Second, and more importantly, even if the Offer and Deposit proceedings continued in the court, there is nothing preventing the supplier from arresting the vessel under the BDR. Therefore, Offer and Deposit will not protect the vessel from arrest.
If the vessel is arrested, a fourth potential option arises whereby, once security is submitted and the ship is released, the shipowners/charterers can file a ‘joinder’ application. Article 94 of the Civil Procedures Law provides that “the defendant may, if he claims that he has a right of recourse for the right claimed against him, against a person who is not a party to the proceedings, lodge a written application to the court setting out the nature of the claim and the grounds thereof, and apply that that person be joined as a party to the action …”.
Thus, after release of the ship from arrest, the shipowners/charterers could file a joinder to join OWB to the lawsuit requesting the court to determine to whom the shipowners/charterers should pay for the bunker supply. This option is essentially a ‘defensive interpleader’.

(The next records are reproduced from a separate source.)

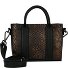  Glam Newburgh Mini handtas Leder 18.5 cm variant croco bronze - black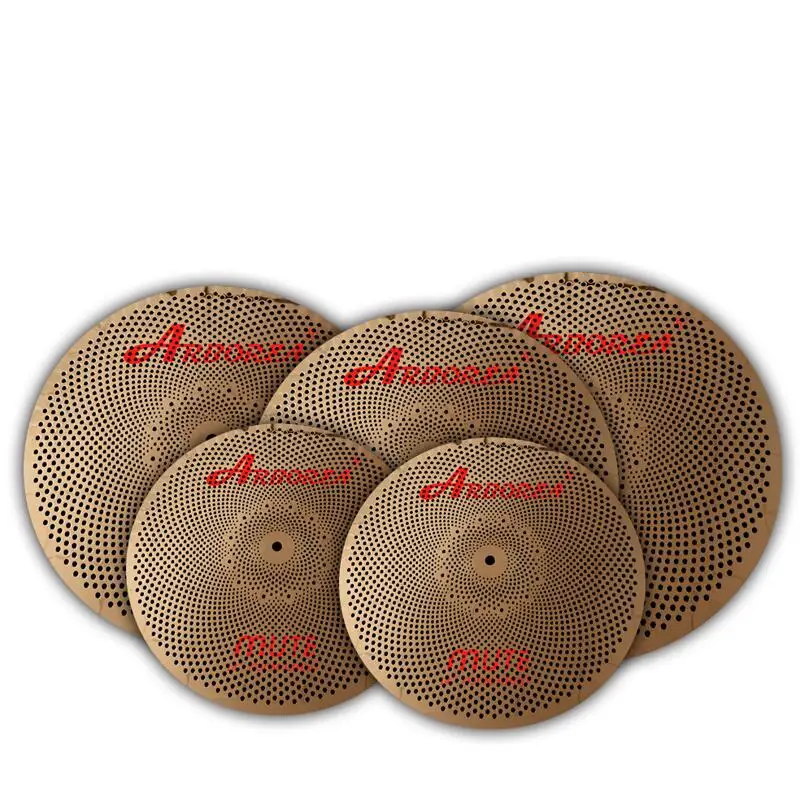 Arborea High-End B8 mute Cymbals set 14'HH+16'Crash+18'Crash+20'Ride+15' crash and 16' china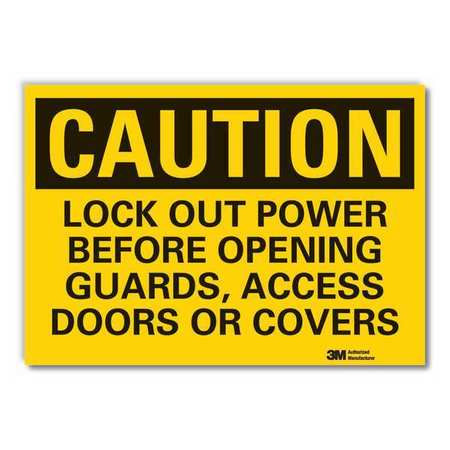 LYLE LCU3-0452-RD_5x3.5 CAUTION SIGN 3-1/2 IN H VINYL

While there is no direct method of an interpleader proceeding under UAE law there are several options whereby shipowners/charterers may avoid double payment for the same bunker supply. Having said that, there is little to no action shipowners/charterers may take to avoid a ship arrest. Therefore, it would be beneficial to have interpleaders available under UAE procedural law, where a party is able to discharge its obligations without fear of double payment.
(This article was originally published in Marasi News and has since been updated and republished in IBA Maritime and Transport Newsletter)
 OWB was a Danish company with subsidiaries around the world (including a Dubai-based entity) and was the world's largest marine fuel (bunkers) company. On 7 November 2014, OWB declared insolvency amid fraud accusations and mounting debts.
 UAE Federal Law No. 26 of 1981, concerning the Commercial Maritime Law Article 115(2)(i) or (k).
 e.g. OSG Ship Management, Inc. v. O.W. Bunker USA, Inc. et al (2014cv09973)
 See Dubai Court of Cassation, 301/2007 of 25 February 2008.
This article, including any advice, commentary or recommendation herein, is provided on a complimentary basis without consideration of any specific objectives, circumstances or facts. It reflects the views of the writer which may, in some cases, differ from those of the firm, especially in the developing jurisdiction of the UAE.